O
n Nov. 28, 1866, the Coya — an iron, 515-ton ship from Britain — finally approached the California coastline after months at sea. Bound for San Francisco, it carried 19 sailors and 10 passengers, along with a cargo of coal from Sydney.
The journey had begun with a foreboding omen. Twelve days after leaving Sydney Harbor, one of the ship’s crew, a man named Peter Johnson, fell overboard and drowned. No one could have known then that the same fate would meet all but three people on board. Twenty-six men, women and children were killed when the Coya crashed just 50 miles away from its final destination.
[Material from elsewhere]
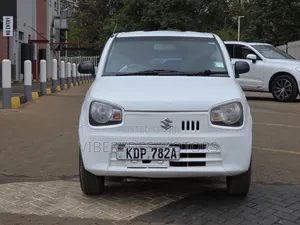 Suzuki Alto 2019 White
It was at Pigeon Point, 20 miles south of Half Moon Bay, that the Coya met its end. The ship had made good progress that day, bolstered by strong winds. Shortly after sunset, however, the vessel was engulfed by heavy fog, and the captain and crew were caught off-guard. The Coya struck a reef, and enormous waves repeatedly raised the ship and crashed it back down into the rock. One report from the Santa Cruz Weekly Sentinel noted that the Coya “almost immediately began to break up.” Panic and chaos erupted on board, where many of the ship’s crew and passengers had been resting below deck.
The Sentinel noted:
The fierce breakers passing over the ship carried away by twos and threes the unfortunate beings who, half naked and benumbed with cold, could find no means of saving themselves, or of reaching land through the unbroken line of angry surf that thundered in their ears, adding to the terror of the situation by its awful roar.
The dead included Captain H. Paige, his wife and young daughter, as well as the ship’s porter, cook, sailmaker, carpenter, steward and cabin boy. One couple aboard, passengers listed as Mr. and Mrs. Jeffreys, were killed along with their baby whom they tried to protect by wrapping the infant in Mrs. Jeffreys’ shawl.